● TASK: Would you print the data below exactly, leaving out every picture?

● GIVEN MATERIAL:

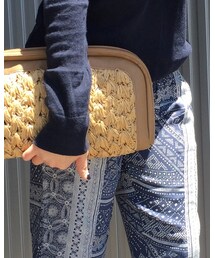 UNBILLION | クラッチバッグ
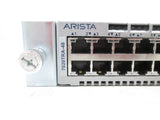 Arista DCS-7020TRA-48-R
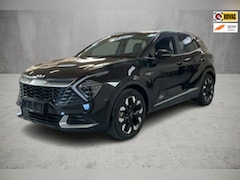 Kia Sportage - 1.6 T-GDi Plug-in Hybrid AWD DynamicPlusLine| Camera| Cruise | Trekhaak Afneembaar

● RESULT OF THIS TASK:
 UNBILLION | クラッチバッグ
 Arista DCS-7020TRA-48-R
 Kia Sportage - 1.6 T-GDi Plug-in Hybrid AWD DynamicPlusLine| Camera| Cruise | Trekhaak Afneembaar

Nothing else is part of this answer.